*Data under study*:
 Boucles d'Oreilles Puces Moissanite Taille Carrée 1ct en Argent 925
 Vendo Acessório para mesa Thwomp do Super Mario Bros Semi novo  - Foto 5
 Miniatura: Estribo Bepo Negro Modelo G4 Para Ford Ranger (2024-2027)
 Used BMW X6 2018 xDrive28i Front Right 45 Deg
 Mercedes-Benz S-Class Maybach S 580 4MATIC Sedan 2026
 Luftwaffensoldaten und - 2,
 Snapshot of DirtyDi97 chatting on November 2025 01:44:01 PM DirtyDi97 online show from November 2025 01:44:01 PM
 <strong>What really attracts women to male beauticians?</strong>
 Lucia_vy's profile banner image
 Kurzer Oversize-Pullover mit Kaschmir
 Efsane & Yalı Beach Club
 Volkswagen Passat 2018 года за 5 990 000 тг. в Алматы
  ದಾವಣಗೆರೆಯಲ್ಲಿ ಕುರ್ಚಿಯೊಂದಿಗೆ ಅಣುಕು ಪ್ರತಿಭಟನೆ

*Requirement*: Go through the listing above and copy each line exactly.

*Exercise result*:
 Boucles d'Oreilles Puces Moissanite Taille Carrée 1ct en Argent 925
 Vendo Acessório para mesa Thwomp do Super Mario Bros Semi novo  - Foto 5
 Miniatura: Estribo Bepo Negro Modelo G4 Para Ford Ranger (2024-2027)
 Used BMW X6 2018 xDrive28i Front Right 45 Deg
 Mercedes-Benz S-Class Maybach S 580 4MATIC Sedan 2026
 Luftwaffensoldaten und - 2,
 Snapshot of DirtyDi97 chatting on November 2025 01:44:01 PM DirtyDi97 online show from November 2025 01:44:01 PM
 <strong>What really attracts women to male beauticians?</strong>
 Lucia_vy's profile banner image
 Kurzer Oversize-Pullover mit Kaschmir
 Efsane & Yalı Beach Club
 Volkswagen Passat 2018 года за 5 990 000 тг. в Алматы
  ದಾವಣಗೆರೆಯಲ್ಲಿ ಕುರ್ಚಿಯೊಂದಿಗೆ ಅಣುಕು ಪ್ರತಿಭಟನೆ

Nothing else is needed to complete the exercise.